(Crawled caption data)
- - - - -

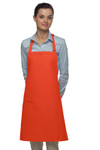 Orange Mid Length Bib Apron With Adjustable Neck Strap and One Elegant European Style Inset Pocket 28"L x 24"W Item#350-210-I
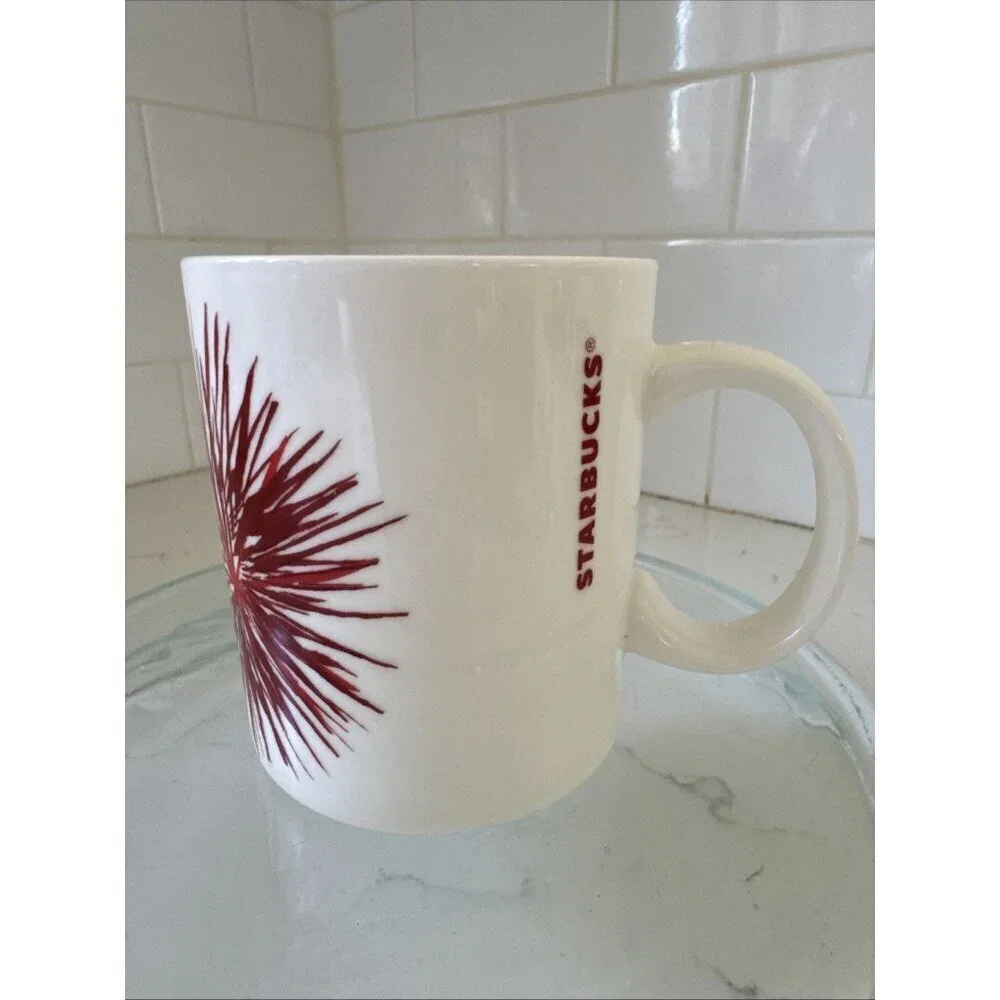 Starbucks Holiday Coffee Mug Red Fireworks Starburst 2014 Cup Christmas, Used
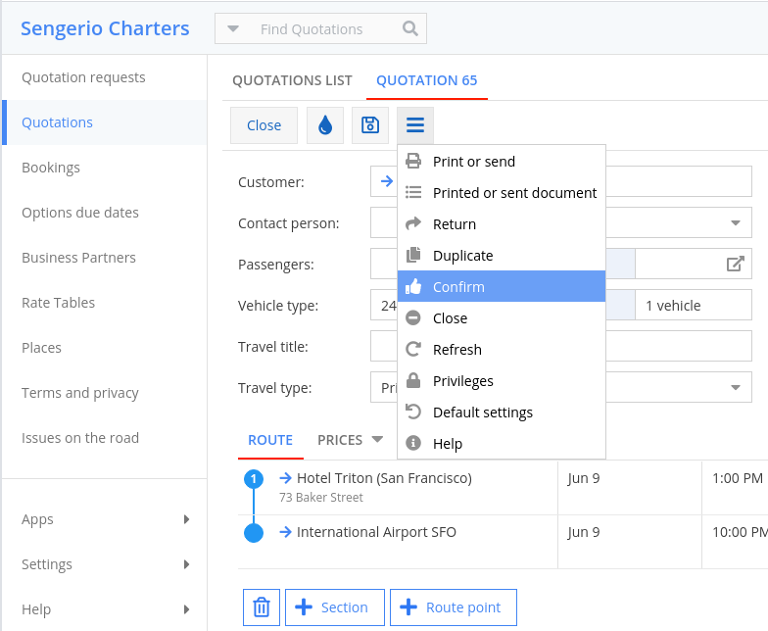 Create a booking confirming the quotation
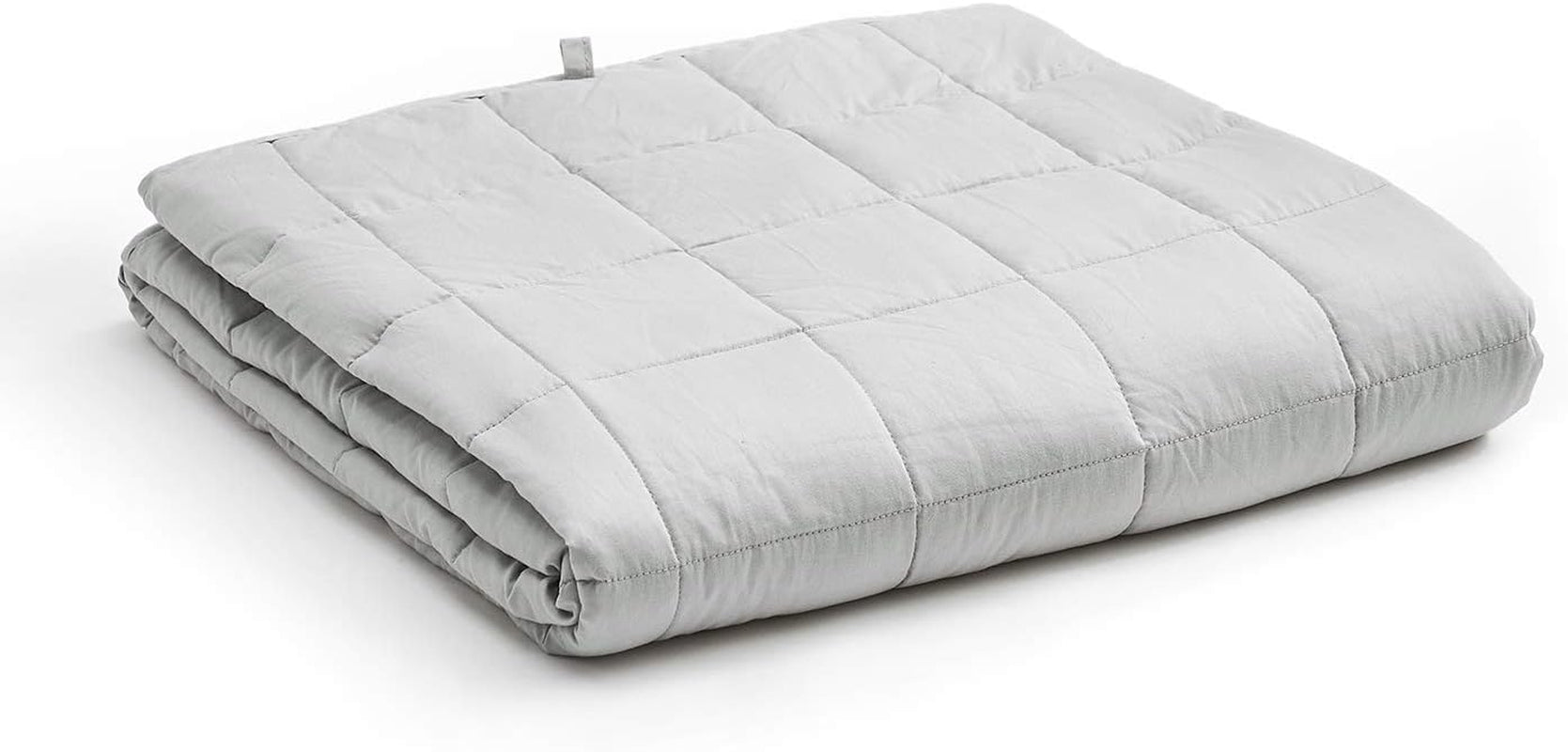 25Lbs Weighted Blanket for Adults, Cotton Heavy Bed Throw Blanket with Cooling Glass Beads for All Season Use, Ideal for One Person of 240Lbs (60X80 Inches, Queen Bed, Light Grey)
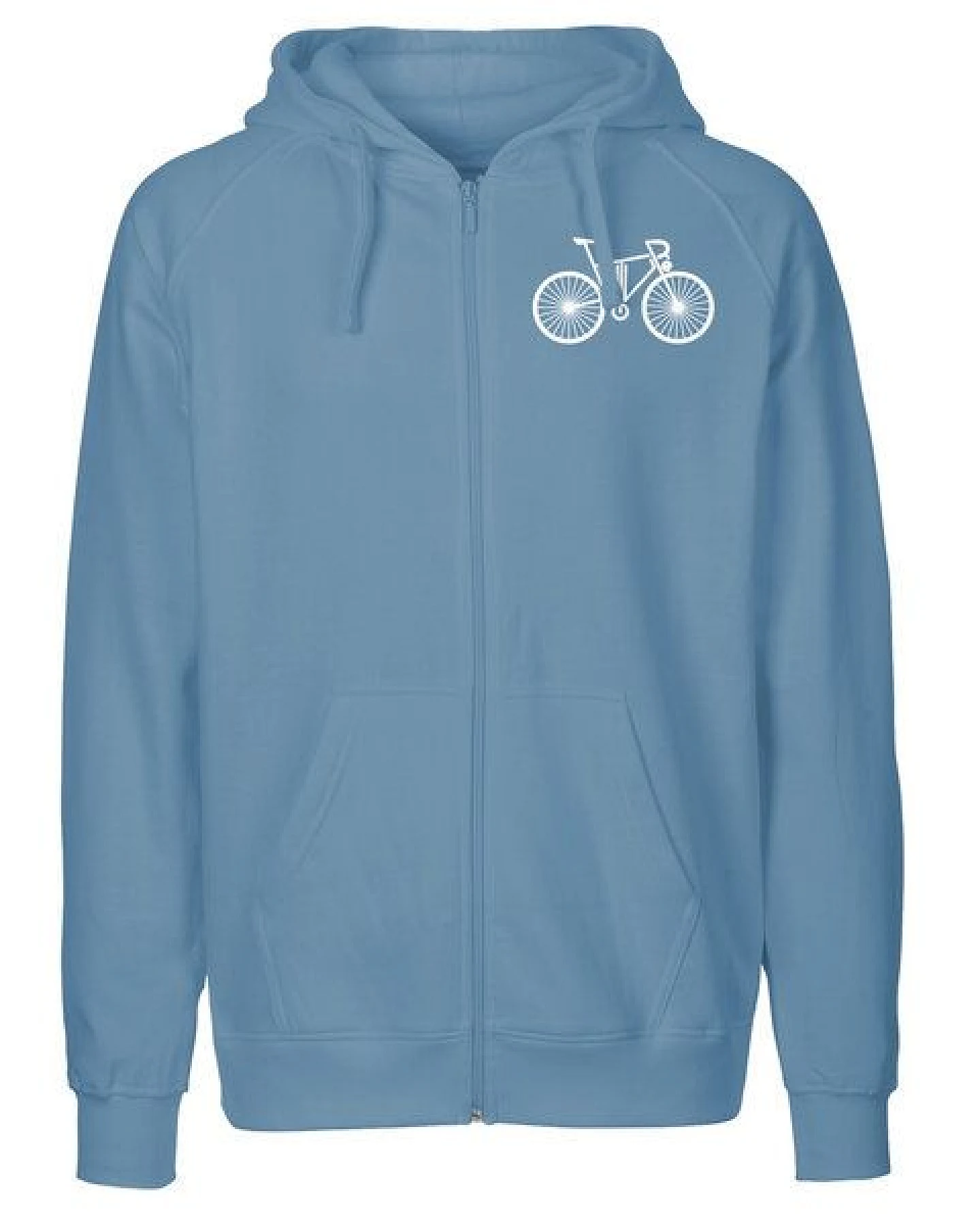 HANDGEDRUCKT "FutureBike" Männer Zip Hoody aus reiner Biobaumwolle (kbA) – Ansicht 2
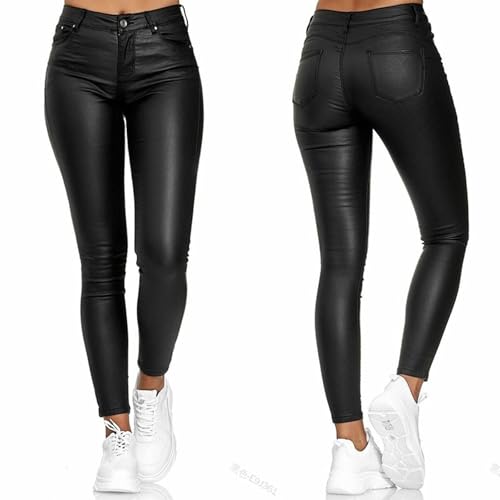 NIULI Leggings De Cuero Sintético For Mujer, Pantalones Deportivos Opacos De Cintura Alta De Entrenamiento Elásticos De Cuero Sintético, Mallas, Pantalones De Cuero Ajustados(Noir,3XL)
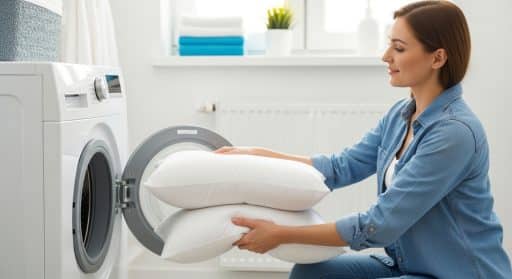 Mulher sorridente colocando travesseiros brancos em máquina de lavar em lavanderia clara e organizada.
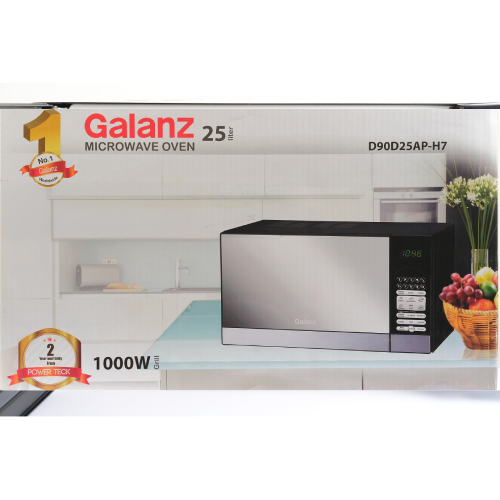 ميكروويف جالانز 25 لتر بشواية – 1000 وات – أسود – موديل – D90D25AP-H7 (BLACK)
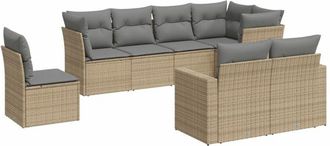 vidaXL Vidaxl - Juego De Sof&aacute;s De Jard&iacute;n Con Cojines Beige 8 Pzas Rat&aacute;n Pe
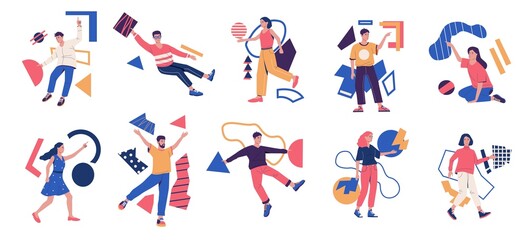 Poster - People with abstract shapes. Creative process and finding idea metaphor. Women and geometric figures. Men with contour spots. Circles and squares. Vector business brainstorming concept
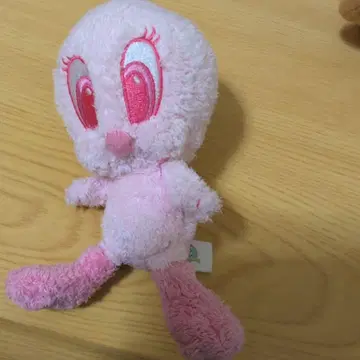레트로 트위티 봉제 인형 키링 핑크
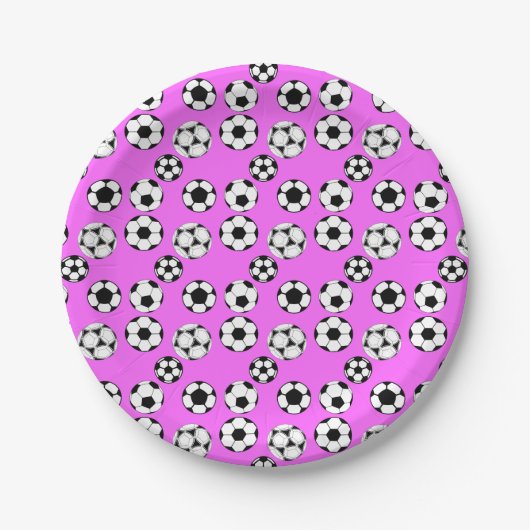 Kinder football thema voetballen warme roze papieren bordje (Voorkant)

- - - - -

▶ Prompt
Look above for the line containing "Create a booking confirming the quotation", then retype it and each line after it to the end of the records, exactly and without pictures.

▶ Result of the task
 Create a booking confirming the quotation
 25Lbs Weighted Blanket for Adults, Cotton Heavy Bed Throw Blanket with Cooling Glass Beads for All Season Use, Ideal for One Person of 240Lbs (60X80 Inches, Queen Bed, Light Grey)
 HANDGEDRUCKT "FutureBike" Männer Zip Hoody aus reiner Biobaumwolle (kbA) – Ansicht 2
 NIULI Leggings De Cuero Sintético For Mujer, Pantalones Deportivos Opacos De Cintura Alta De Entrenamiento Elásticos De Cuero Sintético, Mallas, Pantalones De Cuero Ajustados(Noir,3XL)
 Mulher sorridente colocando travesseiros brancos em máquina de lavar em lavanderia clara e organizada.
 ميكروويف جالانز 25 لتر بشواية – 1000 وات – أسود – موديل – D90D25AP-H7 (BLACK)
 vidaXL Vidaxl - Juego De Sof&aacute;s De Jard&iacute;n Con Cojines Beige 8 Pzas Rat&aacute;n Pe
 Poster - People with abstract shapes. Creative process and finding idea metaphor. Women and geometric figures. Men with contour spots. Circles and squares. Vector business brainstorming concept
레트로 트위티 봉제 인형 키링 핑크
 Kinder football thema voetballen warme roze papieren bordje (Voorkant)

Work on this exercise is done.